November 16, 2022
JAKARTA – Business initiatives conducted throughout the year under the Group of 20 framework have culminated in a series of investment agreements presented at the Business 20 (B20) Summit on Monday.
In his closing remarks at the B20 Summit, President Joko “Jokowi” Widodo assured forum participants that Indonesia was on track to carry out its “grand strategy” of downstream industry development and green energy investment.
The B20 Summit this year gathered more than 2,000 attendees from 65 countries, with more than 1,500 firms represented at the forum.
Indonesia, for its part, has been working to refocus the country’s economy toward the production of value-added goods and clean power.
“I have said this many times before: We will be steadfast,” President Jokowi told forum participants.
In his statement, President Jokowi noted to Australian Prime Minister Anthony Albanese, who was also attending the closing session, that both countries possessed huge deposits of natural resources needed for electric vehicle (EV) batteries.

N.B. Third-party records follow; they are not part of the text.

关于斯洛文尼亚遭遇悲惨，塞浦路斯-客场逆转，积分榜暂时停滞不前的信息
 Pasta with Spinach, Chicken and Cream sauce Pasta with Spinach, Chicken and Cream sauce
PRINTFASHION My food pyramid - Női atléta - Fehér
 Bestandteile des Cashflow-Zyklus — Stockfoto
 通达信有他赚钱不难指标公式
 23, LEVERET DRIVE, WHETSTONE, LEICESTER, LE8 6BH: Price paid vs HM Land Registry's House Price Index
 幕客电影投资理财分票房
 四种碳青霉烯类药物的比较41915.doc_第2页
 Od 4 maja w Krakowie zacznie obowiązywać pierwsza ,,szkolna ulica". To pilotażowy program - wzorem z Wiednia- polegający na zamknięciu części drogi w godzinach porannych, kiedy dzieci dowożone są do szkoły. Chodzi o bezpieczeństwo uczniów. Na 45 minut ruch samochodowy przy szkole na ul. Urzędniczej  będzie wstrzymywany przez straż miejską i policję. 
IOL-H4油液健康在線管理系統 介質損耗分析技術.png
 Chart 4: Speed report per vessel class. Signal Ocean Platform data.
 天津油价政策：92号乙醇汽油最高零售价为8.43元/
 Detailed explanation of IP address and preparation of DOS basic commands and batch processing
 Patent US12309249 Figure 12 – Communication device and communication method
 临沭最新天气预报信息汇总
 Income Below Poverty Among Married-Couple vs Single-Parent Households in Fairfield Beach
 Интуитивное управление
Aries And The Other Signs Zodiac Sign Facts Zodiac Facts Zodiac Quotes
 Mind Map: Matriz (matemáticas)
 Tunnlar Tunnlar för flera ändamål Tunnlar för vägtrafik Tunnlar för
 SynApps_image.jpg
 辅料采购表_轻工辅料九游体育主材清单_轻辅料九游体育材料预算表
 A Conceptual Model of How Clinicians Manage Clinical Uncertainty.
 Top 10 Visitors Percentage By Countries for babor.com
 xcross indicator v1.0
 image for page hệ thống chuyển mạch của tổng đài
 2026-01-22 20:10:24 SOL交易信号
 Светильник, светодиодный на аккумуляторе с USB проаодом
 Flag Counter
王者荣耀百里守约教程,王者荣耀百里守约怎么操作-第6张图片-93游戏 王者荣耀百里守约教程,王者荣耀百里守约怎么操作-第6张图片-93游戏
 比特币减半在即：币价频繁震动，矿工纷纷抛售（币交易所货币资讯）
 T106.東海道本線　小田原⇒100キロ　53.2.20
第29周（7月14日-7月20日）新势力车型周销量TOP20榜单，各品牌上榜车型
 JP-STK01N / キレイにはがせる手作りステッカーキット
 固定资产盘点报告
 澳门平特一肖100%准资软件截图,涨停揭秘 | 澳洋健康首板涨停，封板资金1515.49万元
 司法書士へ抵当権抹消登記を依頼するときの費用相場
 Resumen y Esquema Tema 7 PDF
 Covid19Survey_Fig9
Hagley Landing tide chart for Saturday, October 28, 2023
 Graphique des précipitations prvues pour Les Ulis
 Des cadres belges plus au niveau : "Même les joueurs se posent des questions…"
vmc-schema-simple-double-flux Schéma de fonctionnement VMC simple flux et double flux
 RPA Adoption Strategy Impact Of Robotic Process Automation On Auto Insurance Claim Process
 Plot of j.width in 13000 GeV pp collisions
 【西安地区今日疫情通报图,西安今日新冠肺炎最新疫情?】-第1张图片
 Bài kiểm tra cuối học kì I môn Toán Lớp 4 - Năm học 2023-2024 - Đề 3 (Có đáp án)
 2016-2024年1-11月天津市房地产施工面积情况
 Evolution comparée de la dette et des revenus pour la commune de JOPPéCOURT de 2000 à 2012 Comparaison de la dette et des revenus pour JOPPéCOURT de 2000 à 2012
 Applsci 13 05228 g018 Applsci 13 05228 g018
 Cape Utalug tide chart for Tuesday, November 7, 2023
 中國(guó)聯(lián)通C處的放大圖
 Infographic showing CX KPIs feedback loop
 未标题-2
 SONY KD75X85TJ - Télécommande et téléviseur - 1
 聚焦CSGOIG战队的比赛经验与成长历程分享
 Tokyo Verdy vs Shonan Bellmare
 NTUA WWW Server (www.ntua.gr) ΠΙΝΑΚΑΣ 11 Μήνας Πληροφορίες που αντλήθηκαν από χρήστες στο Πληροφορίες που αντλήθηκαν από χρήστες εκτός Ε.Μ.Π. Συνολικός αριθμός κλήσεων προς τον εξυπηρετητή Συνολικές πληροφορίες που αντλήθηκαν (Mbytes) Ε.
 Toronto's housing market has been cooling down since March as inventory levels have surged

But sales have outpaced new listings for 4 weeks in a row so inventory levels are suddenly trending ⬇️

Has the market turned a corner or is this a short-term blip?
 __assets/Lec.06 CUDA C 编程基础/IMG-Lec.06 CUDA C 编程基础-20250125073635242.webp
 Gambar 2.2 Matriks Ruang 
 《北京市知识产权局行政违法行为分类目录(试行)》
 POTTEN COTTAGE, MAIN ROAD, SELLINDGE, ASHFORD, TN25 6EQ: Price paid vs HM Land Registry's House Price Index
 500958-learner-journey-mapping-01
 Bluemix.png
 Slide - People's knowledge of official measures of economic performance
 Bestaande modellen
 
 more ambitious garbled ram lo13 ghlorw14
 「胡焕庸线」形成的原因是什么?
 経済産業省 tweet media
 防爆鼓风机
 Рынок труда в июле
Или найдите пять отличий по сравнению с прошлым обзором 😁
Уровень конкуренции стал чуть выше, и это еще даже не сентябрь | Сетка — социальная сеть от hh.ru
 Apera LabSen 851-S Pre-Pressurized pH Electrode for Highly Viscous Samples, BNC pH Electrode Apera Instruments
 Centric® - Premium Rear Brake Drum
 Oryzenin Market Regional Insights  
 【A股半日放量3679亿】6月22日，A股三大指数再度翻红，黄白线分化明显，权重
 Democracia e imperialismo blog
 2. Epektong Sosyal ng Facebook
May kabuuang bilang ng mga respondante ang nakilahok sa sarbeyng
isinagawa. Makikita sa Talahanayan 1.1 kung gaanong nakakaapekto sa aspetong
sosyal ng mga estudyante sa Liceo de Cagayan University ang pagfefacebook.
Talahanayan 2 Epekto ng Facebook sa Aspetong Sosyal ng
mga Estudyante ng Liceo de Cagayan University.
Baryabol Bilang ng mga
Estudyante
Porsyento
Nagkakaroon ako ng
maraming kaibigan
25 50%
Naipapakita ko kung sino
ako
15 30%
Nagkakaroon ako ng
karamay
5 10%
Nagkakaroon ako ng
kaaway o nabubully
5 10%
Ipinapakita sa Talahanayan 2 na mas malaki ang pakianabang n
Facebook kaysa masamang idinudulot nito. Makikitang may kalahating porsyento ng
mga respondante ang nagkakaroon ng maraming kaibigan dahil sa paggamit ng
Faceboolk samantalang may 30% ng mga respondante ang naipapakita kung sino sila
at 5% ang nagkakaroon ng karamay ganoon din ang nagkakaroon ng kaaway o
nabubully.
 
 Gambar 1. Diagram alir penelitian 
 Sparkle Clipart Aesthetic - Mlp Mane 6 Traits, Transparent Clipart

Jokowi explained that Indonesia had large reserves of nickel, while Australia had significant lithium deposits, putting the two countries in a strong position for EV cooperation.
According to data from the United States Geological Survey (USGS), Brazil and Russia rank third and fourth for nickel reserves with 16 million and 7.5 million tonnes, respectively, behind Indonesia and Australia, which each hold 21 million tonnes.
USGS data shows that Chile has the largest reserves of lithium with 9.2 million tonnes, followed by Australia with 5.7 million tonnes and Argentina with 2.2 million tonnes. Indonesia is not among the top holders of lithium reserves.
“Together [with Australia], we could implement downstreaming in Indonesia,” Jokowi continued.
The President also asked global business leaders to invest in Indonesian green energy, claiming there were 434 gigawatts in potential energy from sources including hydro, geothermal, solar and wind power.
Jokowi also pitched the North Kalimantan Green Industrial Park to investors. He said the government had allocated some 30,000 hectares for its development and that the nearby Kayan River could generate up to 13,000 megawatts of renewable electricity.
“This is an opportunity for investors to establish cooperation with Indonesia. Bring investment, bring technology, because to jointly build a green economy in Indonesia requires a lot of money,” Jokowi added.
Australia-based renewables firm Fortescue Future Industries chairman Andrew Forrest said his company “stood ready” to assist the country in turning its green energy potential into hydrogen power by using electrolyzers.
Such endeavors were more plausible today, he said, as the price of using these systems was one fifth of what it was two years ago. Forrest urged the government to “price” the country’s renewable energies.
“[This is] so we can compete successfully with oil and gas, and let’s turn Indonesia into a great green hydrogen exporter,” Forrest told forum participants on Sunday.
Investment Minister Bahlil Lahadalia said the G20 forum had been a game-changer for Indonesia and other developing countries, as developed nations within the G20 had agreed to a range of concessions they had previously held back on.
Developed countries agreed that all countries had the right to pursue downstream industrialization, he said, whereas previously some countries had preferred for emerging economies to remain raw material exporters so that the developed countries could maintain their competitive advantage.
The Bali Compendium introduced by Indonesia in the course of its G20 presidency is based on the premise that no one-size-fits-all solution exists for investment. The compendium, according to the government’s official explanation of the initiative, “presents a range of options for policymakers looking to promote sustainable investment [and] facilitate the sharing of experiences and policy practices”.
“We really struggle on this one, so we ask for assistance from developing countries within the G20, such as Argentina, Brazil, South Africa and India, because all of us possess natural resources,” Bahlil told reporters on Sunday.
He said several developed countries had also agreed to involve micro, small and medium enterprises (MSMEs) and the local population in investment projects, while these countries had previously objected to state intervention and preferred free-market mechanisms.
Agreements on equitable green investment had also been reached, he said, while previously the so-called global south had only received one fifth of the worldwide investment in the development of renewable energy.
However, member states failed to reach a compromise on the issue of unequal carbon pricing, Bahlil said, noting that the price in emerging markets ranged from US$20 to $30 per tonne, compared to around $100 per tonne in developed countries.
“After I took part in and understood the process, I learned that [the G20] is a very influential forum that could affect global policy,” Bahlil concluded.